What the task requires: Print exactly, and only, the lines from the one containing "Primary bedroom - 573" through the last line of the records below, both included; leave out the pictures.

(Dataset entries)

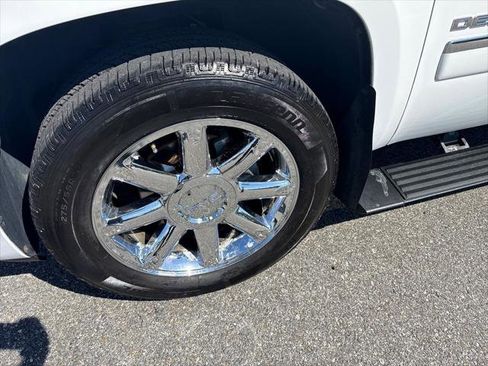 Used 2012 GMC Yukon XL Denali AWD/4WD image 9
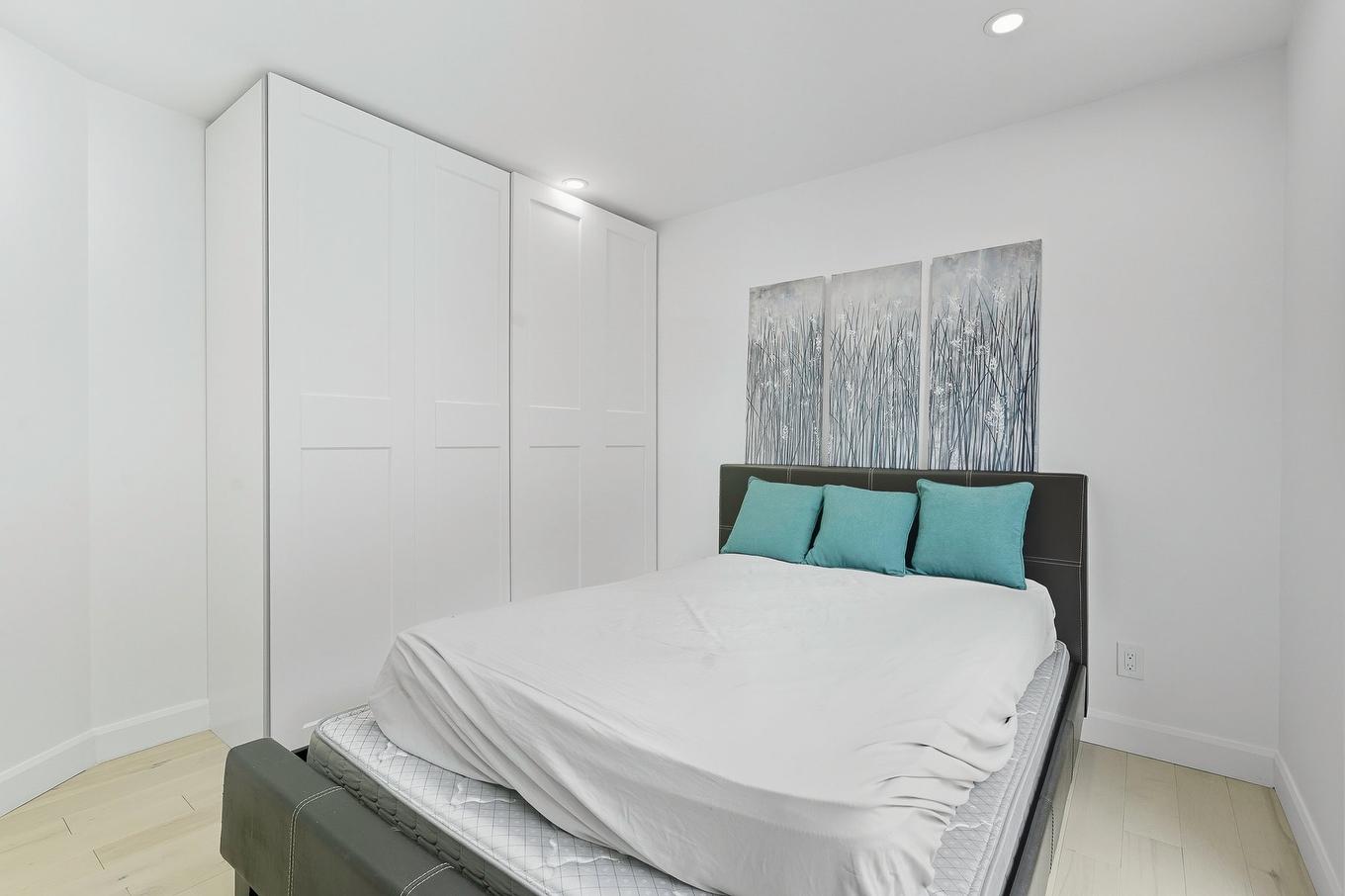 Primary bedroom - 573 Rue Des Mésanges, Saint-Colomban, QC - Indoor Photo Showing Bedroom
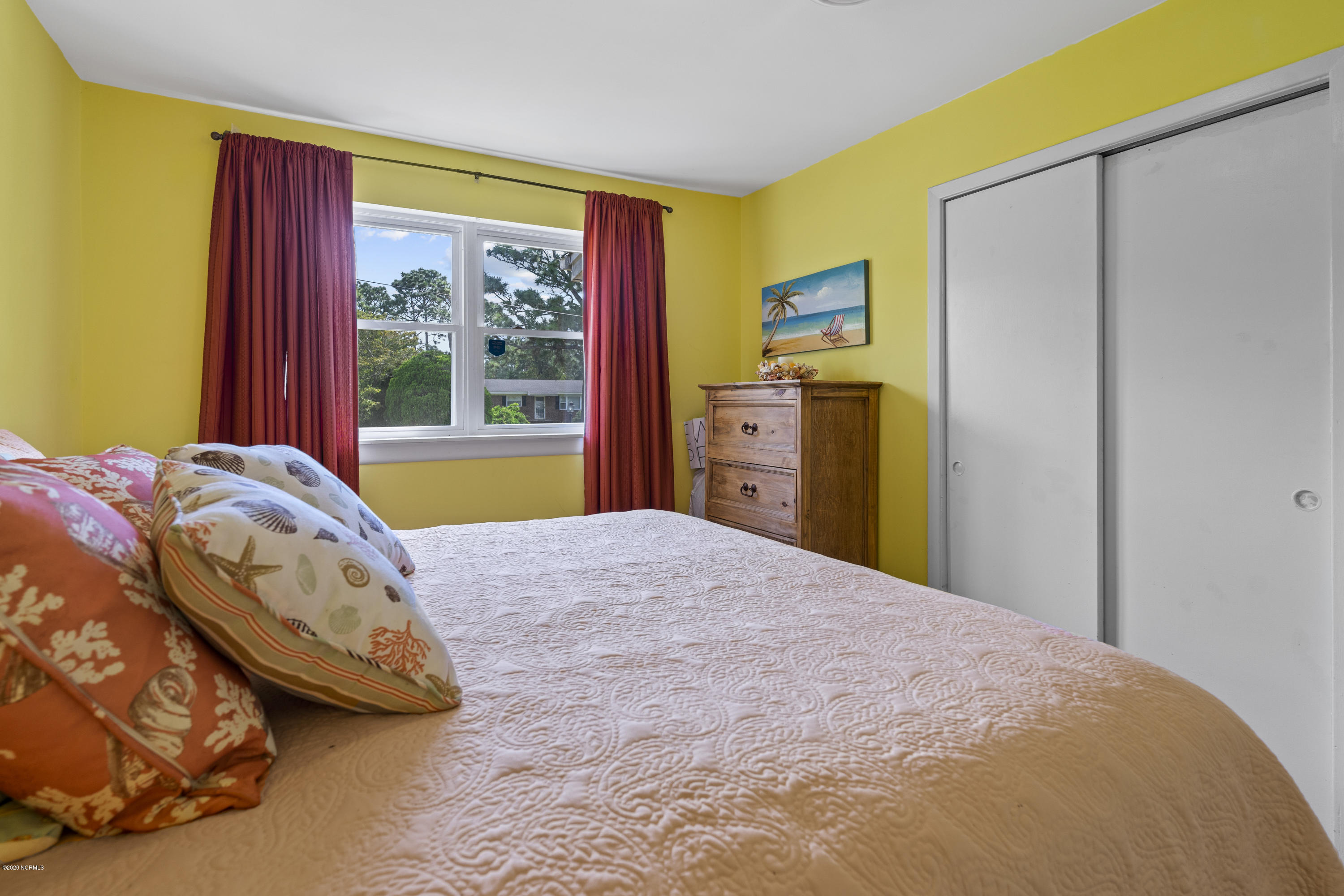 214 2 Chopt Road Wilmington, NC 28405 - Photo 11 of 20 1st Bedroom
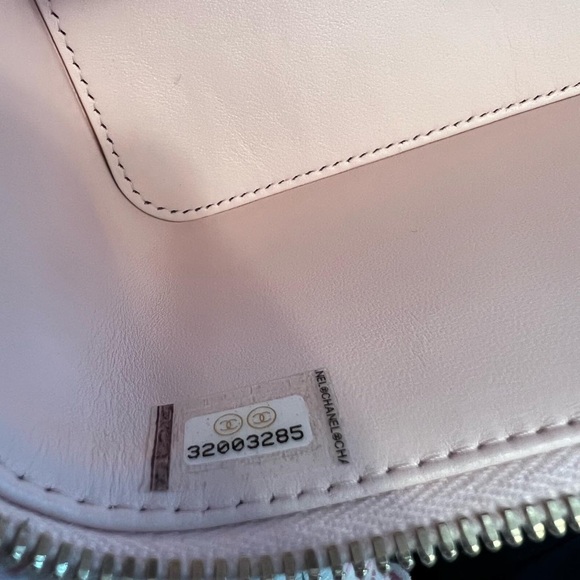 ❌SOLD❌Chanel vanity - Picture 8 of 8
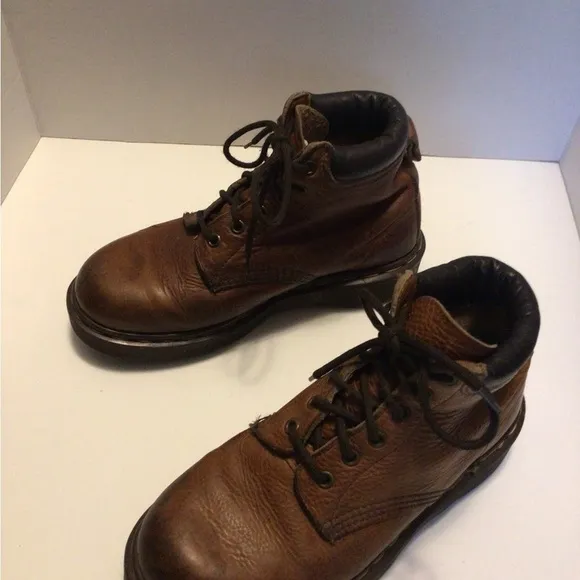Dr marten size 5 brown high top leather upper air cushion shoes made in England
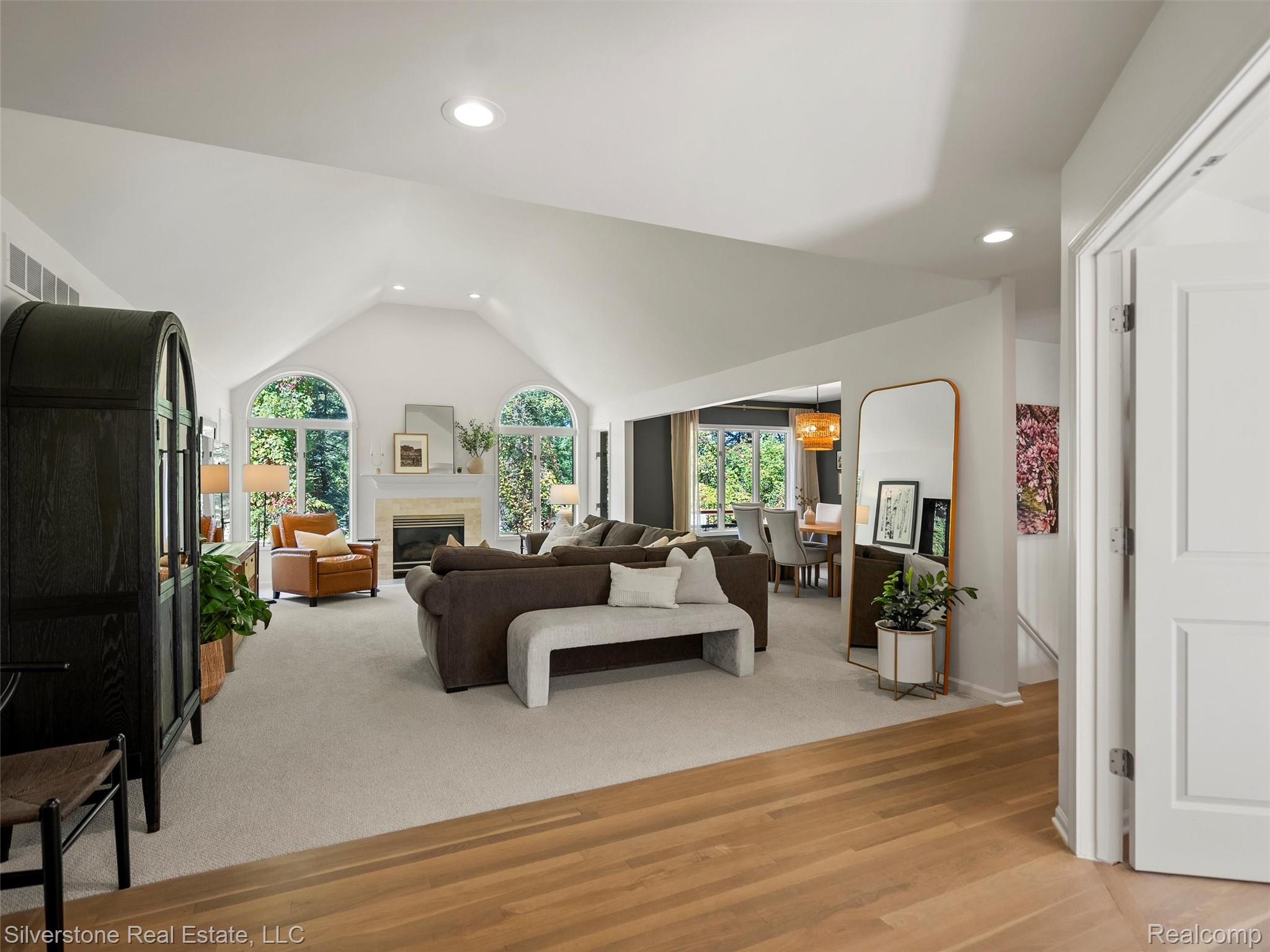 3439 Aquarious Circle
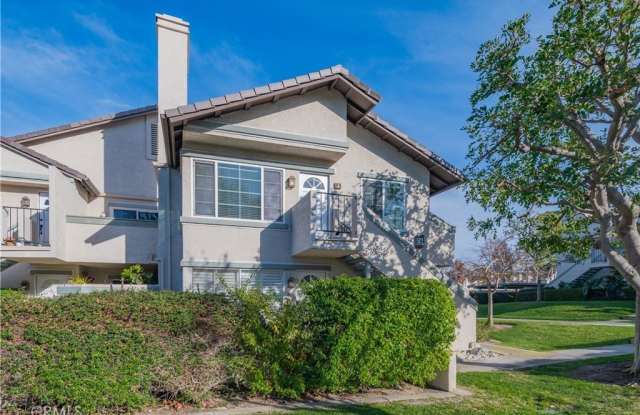 6 Exeter - 6 Exeter, Irvine, CA 92612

Exercise answer:
 Primary bedroom - 573 Rue Des Mésanges, Saint-Colomban, QC - Indoor Photo Showing Bedroom
 214 2 Chopt Road Wilmington, NC 28405 - Photo 11 of 20 1st Bedroom
 ❌SOLD❌Chanel vanity - Picture 8 of 8
Dr marten size 5 brown high top leather upper air cushion shoes made in England
 3439 Aquarious Circle
 6 Exeter - 6 Exeter, Irvine, CA 92612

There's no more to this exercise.